- _Task statement_: At the line containing "Building Photo - 3777 Bonaventure Ct", begin an exact copy of the lines below and continue through the final one, with no pictures.

- _Data below_:
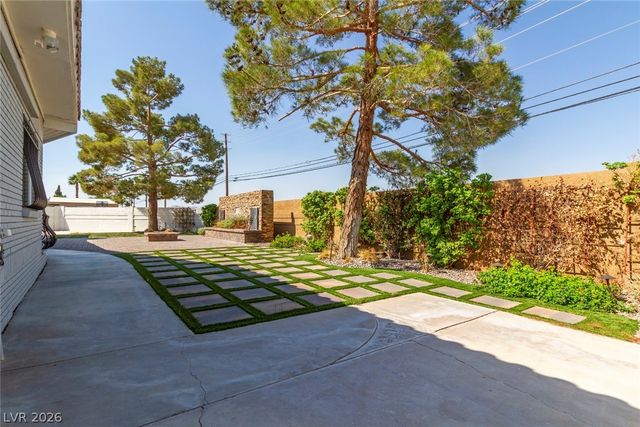 60 East Levi Avenue, Las Vegas, NV 89183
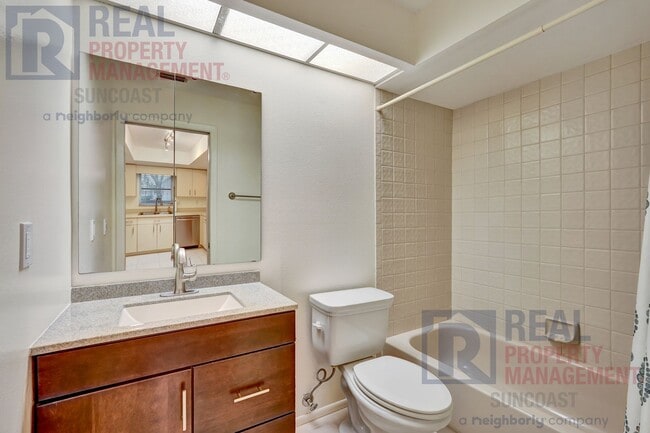 Building Photo - 3777 Bonaventure Ct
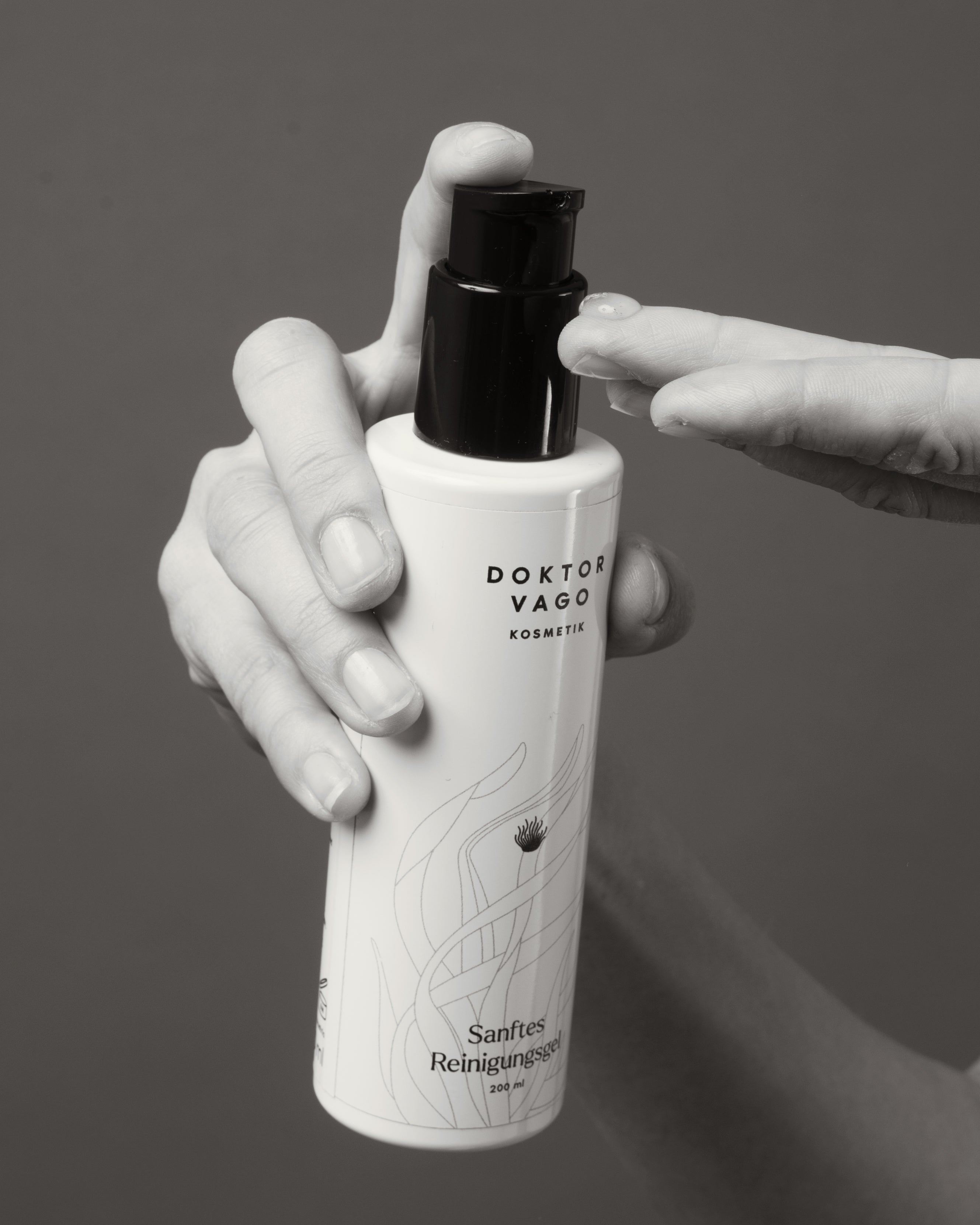 Sanftes Reinigungsgel - Dr. Vago Kosmetik 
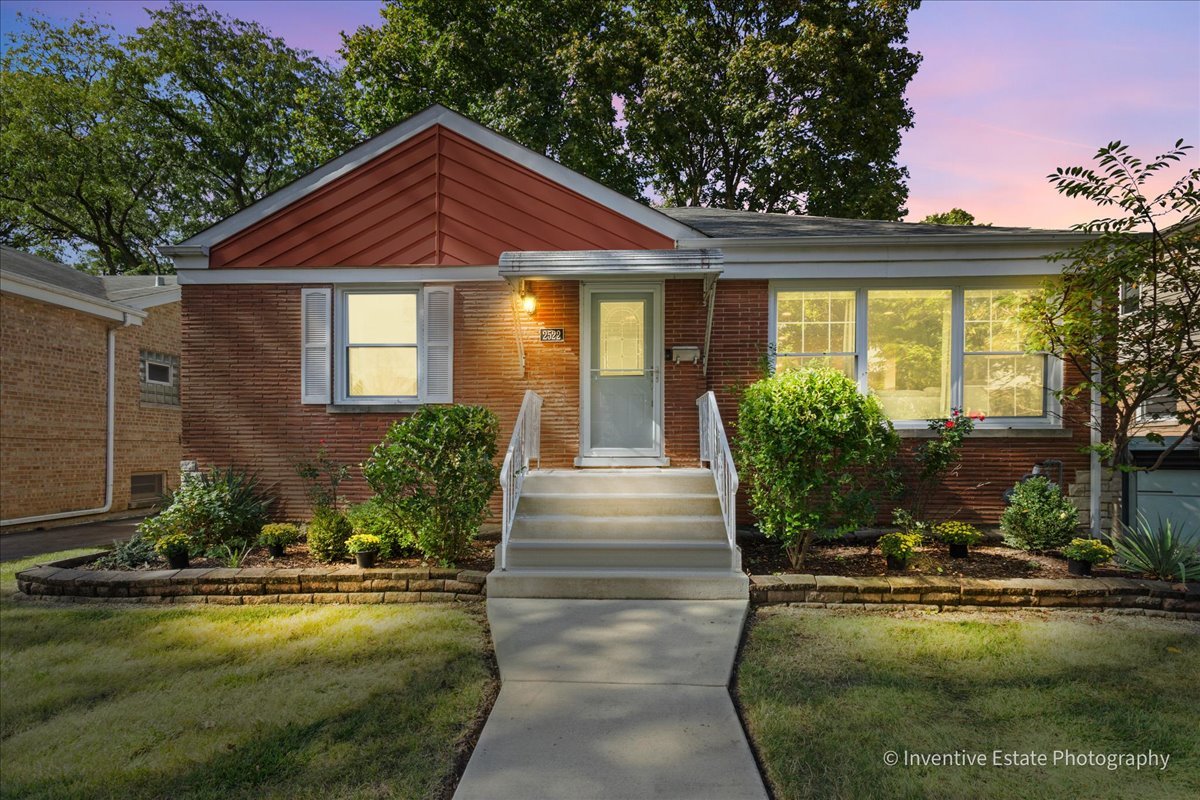 2522 S 6th Avenue, North Riverside, IL 60546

- _Completed exercise_:
 Building Photo - 3777 Bonaventure Ct
 Sanftes Reinigungsgel - Dr. Vago Kosmetik 
 2522 S 6th Avenue, North Riverside, IL 60546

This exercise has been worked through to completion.